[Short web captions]
============

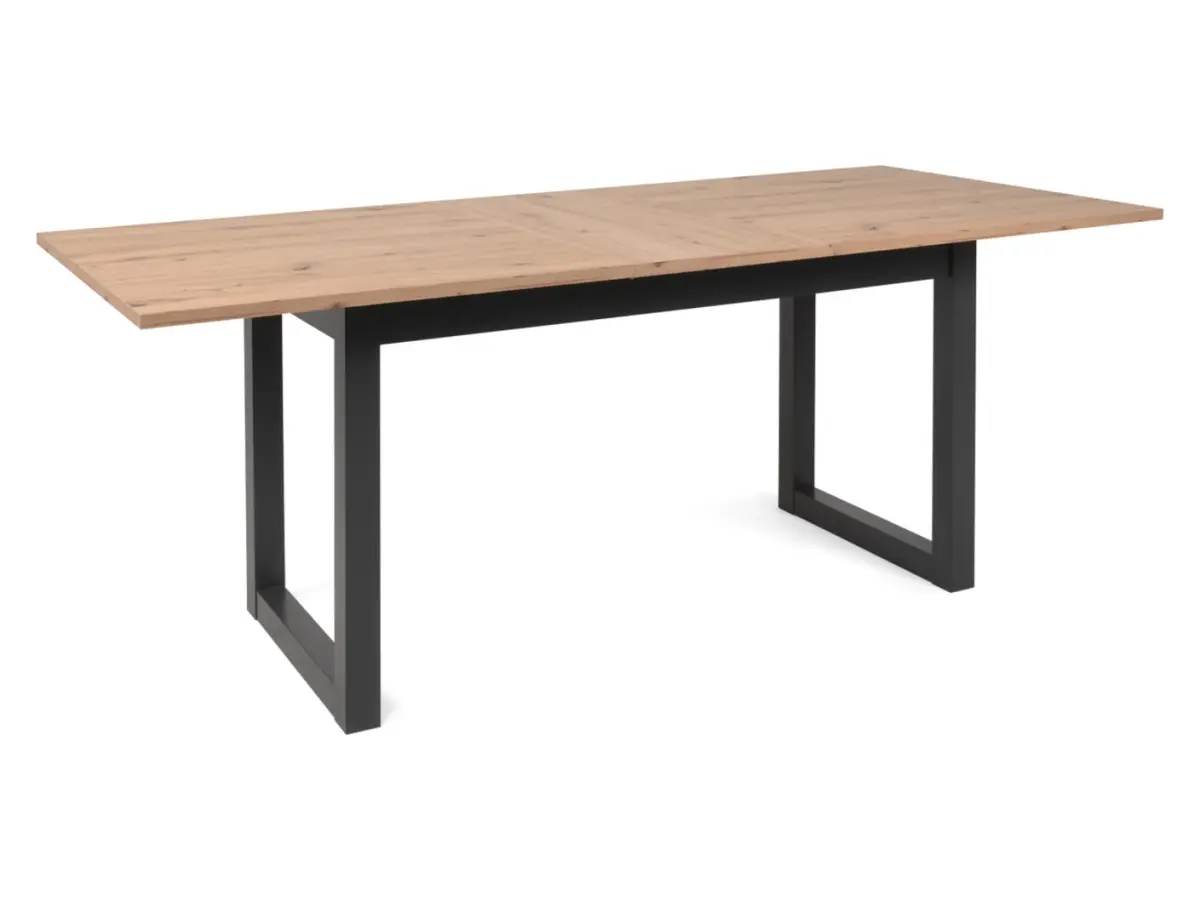 Mesa extensible rectangular Denver 160-200/90/75 roble artisan/negro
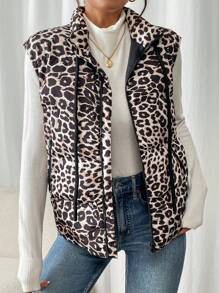 SHEIN Frenchy French Women's Leopard Print Sleeveless Quilted Puffy Warm Coat,Women's Leopard Print Sleeveless Quilted Padded Coat,Fall Women Clothes,Leopard Costume,Winter Clothes,Winter Clothes,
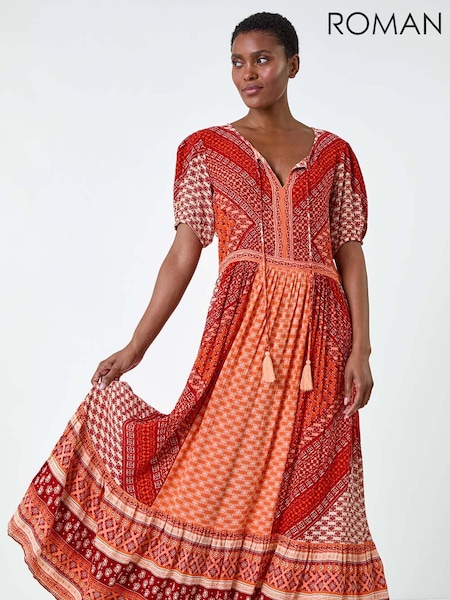 Roman Orange Stripe Border Print Crinkle Maxi Dress (E90030) | 2,884 UAH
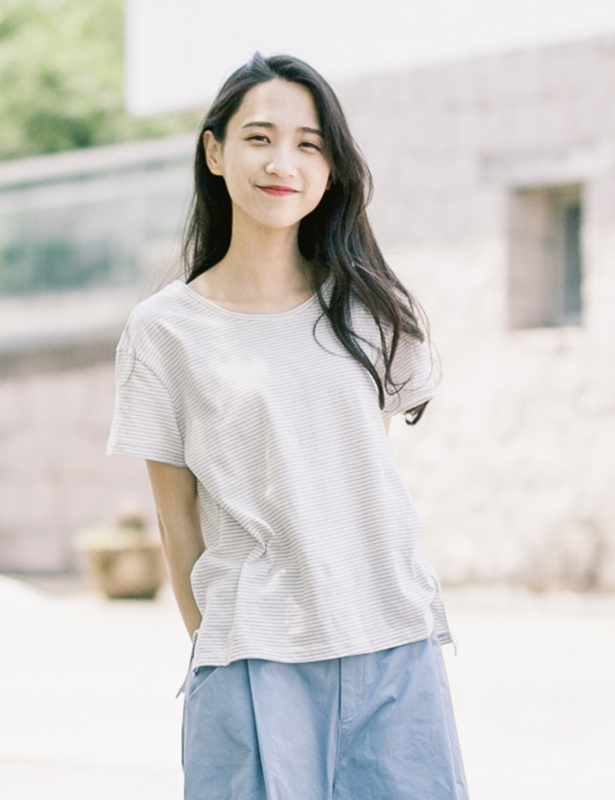 遇见 日系短袖条纹t恤女夏 文艺百搭宽松纯棉不对称下摆t恤上衣|1c1hfn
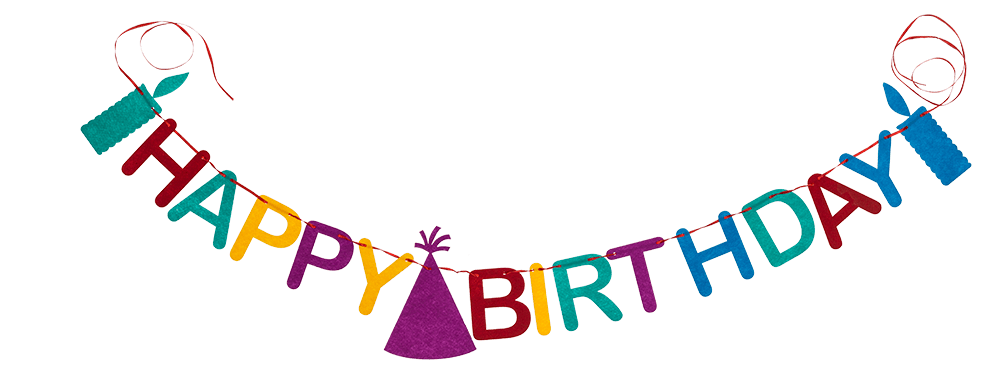 Felt garland, Happy Birthday,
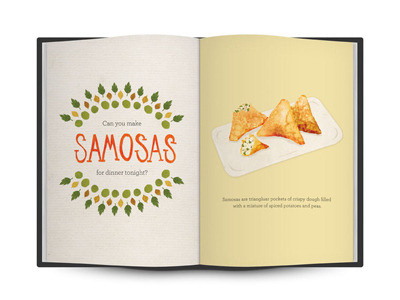 Exotic Eats - Samosas abc book children exotic eats food gourmet illustration samosa texture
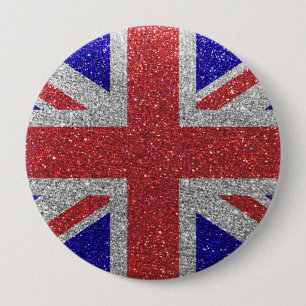 Badge Rond 10 Cm Parties scintillant British Drapeau de Londres UK 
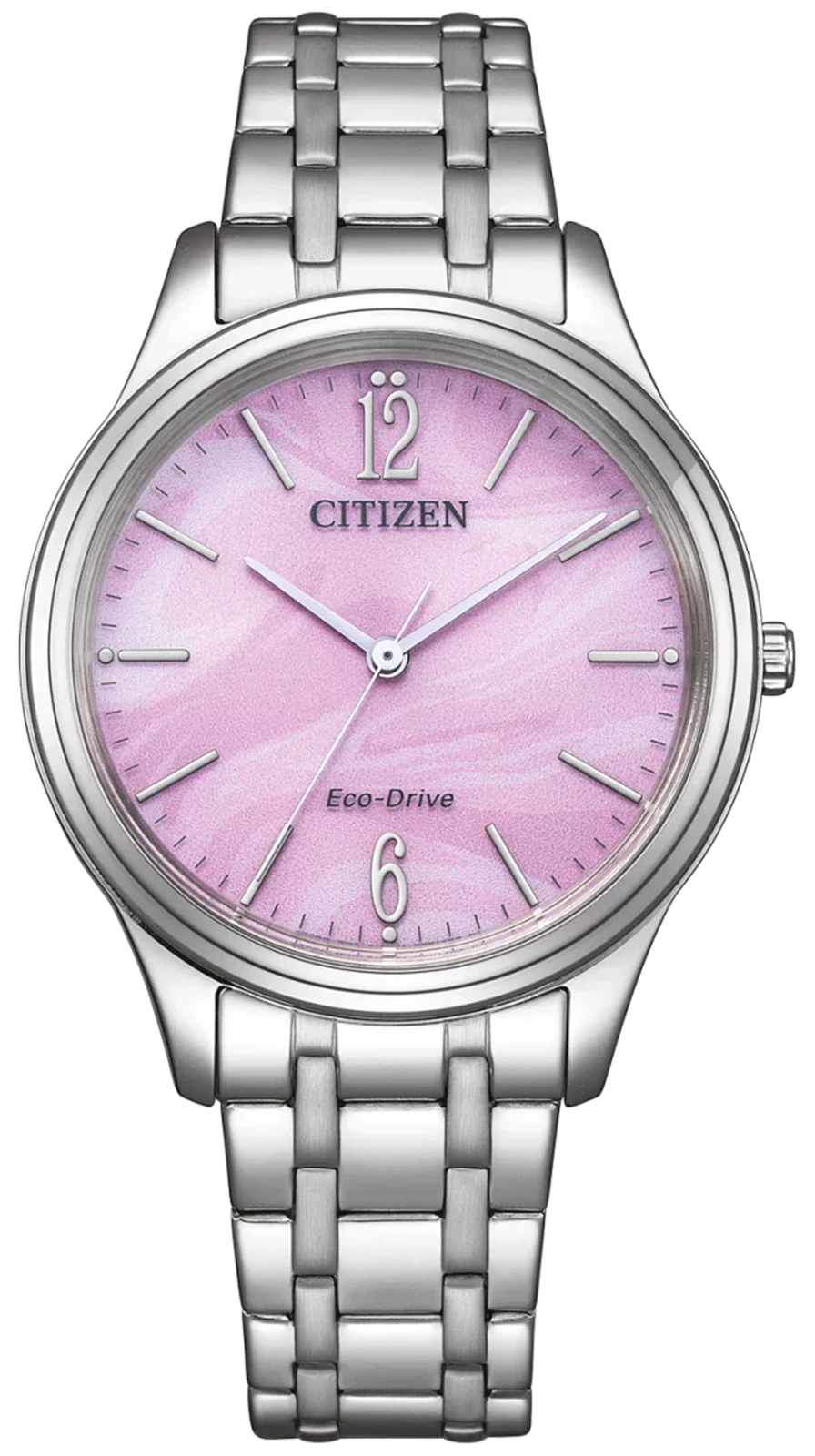 Montre pour femme avec cadran rose et bracelet rond en acier inoxydable argenté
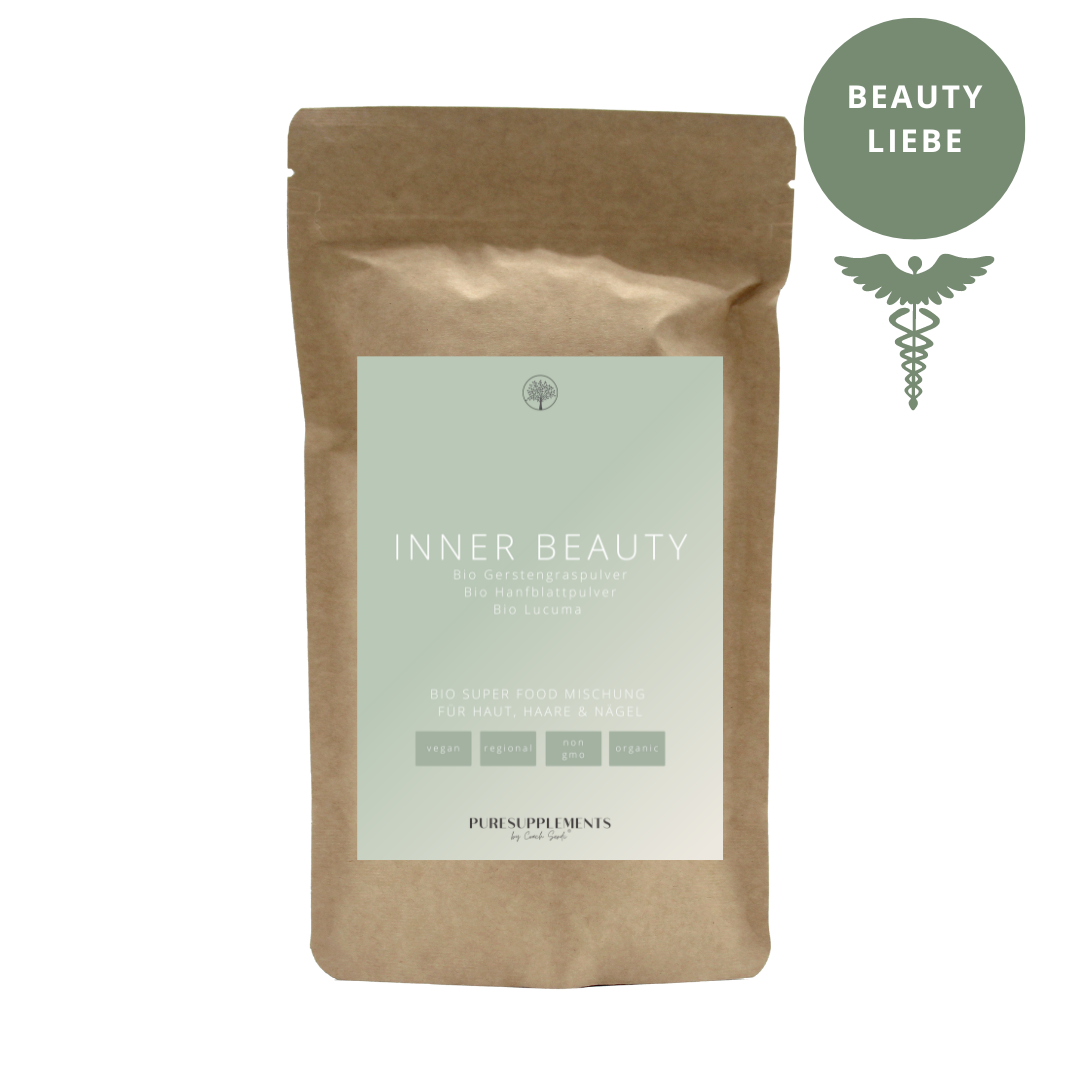 INNER BEAUTY - Haut, Haare & Nägel | Bio Super Food Mischung (Bio Gerstengras&Nutzhanf&Lucuma, 120g)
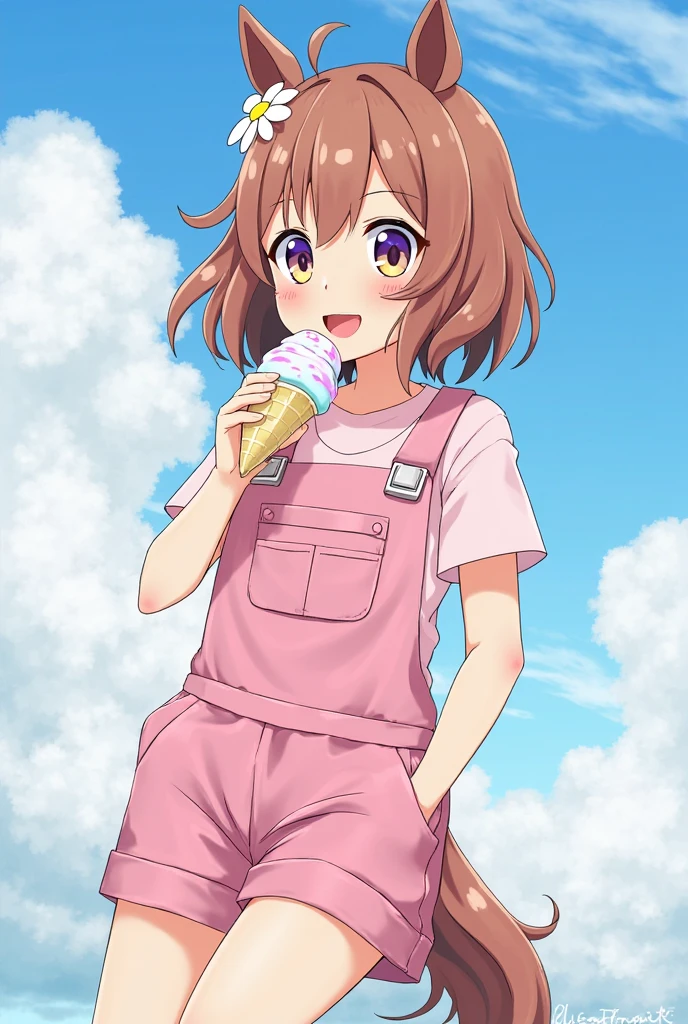 masterpiece,best quality, 1girl,alone,Urara-Chun,Coveralls,Shorts,Flower shaped pupil,change, Pink shirt ,holding ice cream,(horsetail:0.6),Smile ,with her mouth open,The cloudy, 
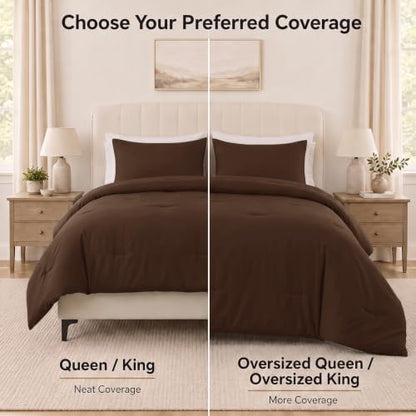 CozyLux Oversized Queen Comforter Set, 3 Pieces Brown Quilted Bedding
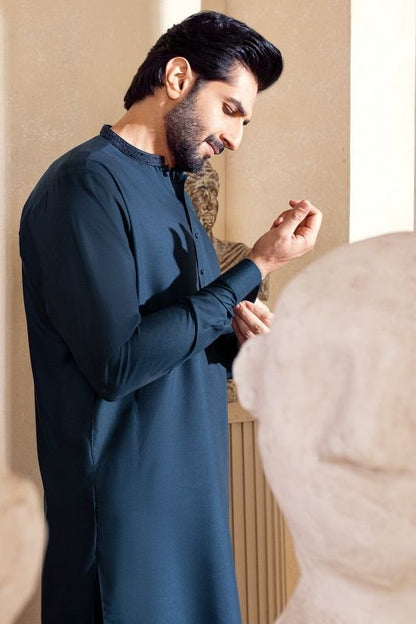 Dyed Embroidered Blended Shalwar Kameez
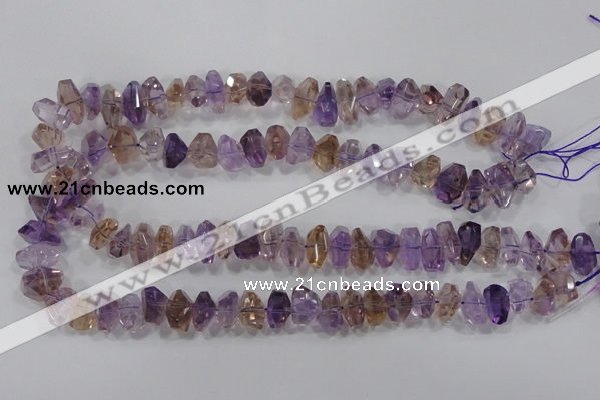 CAN31 15.5 inches 8*18mm faceted nugget natural ametrine beads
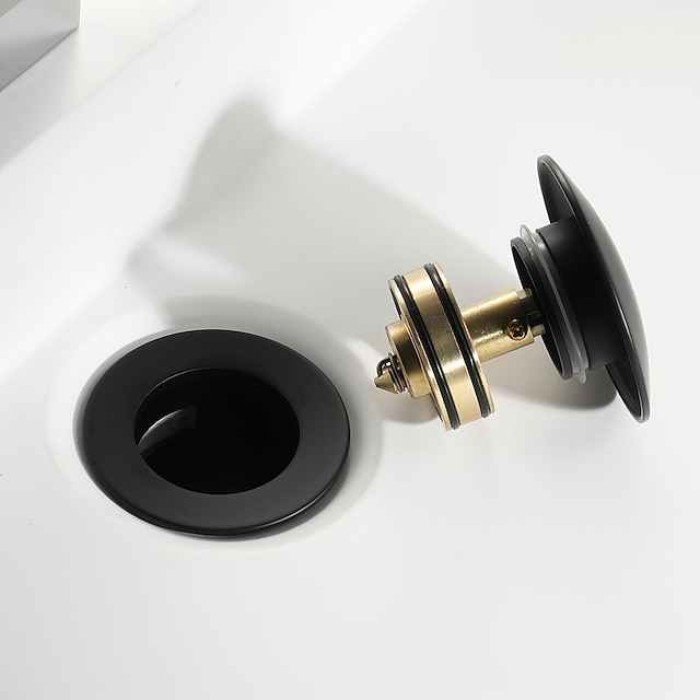 Faucet Accessories-Pop Up Drain With Overflow Brass Bathroom Basin Sink Push Down Waste Matte Black Painted Finished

============

> Exercise goal:
Repeat only the lines between the start of the data and the line with "Felt garland, Happy", including those two lines, and skip the pictures.

> Response to the exercise:
 Mesa extensible rectangular Denver 160-200/90/75 roble artisan/negro
 SHEIN Frenchy French Women's Leopard Print Sleeveless Quilted Puffy Warm Coat,Women's Leopard Print Sleeveless Quilted Padded Coat,Fall Women Clothes,Leopard Costume,Winter Clothes,Winter Clothes,
 Roman Orange Stripe Border Print Crinkle Maxi Dress (E90030) | 2,884 UAH
 遇见 日系短袖条纹t恤女夏 文艺百搭宽松纯棉不对称下摆t恤上衣|1c1hfn
 Felt garland, Happy Birthday,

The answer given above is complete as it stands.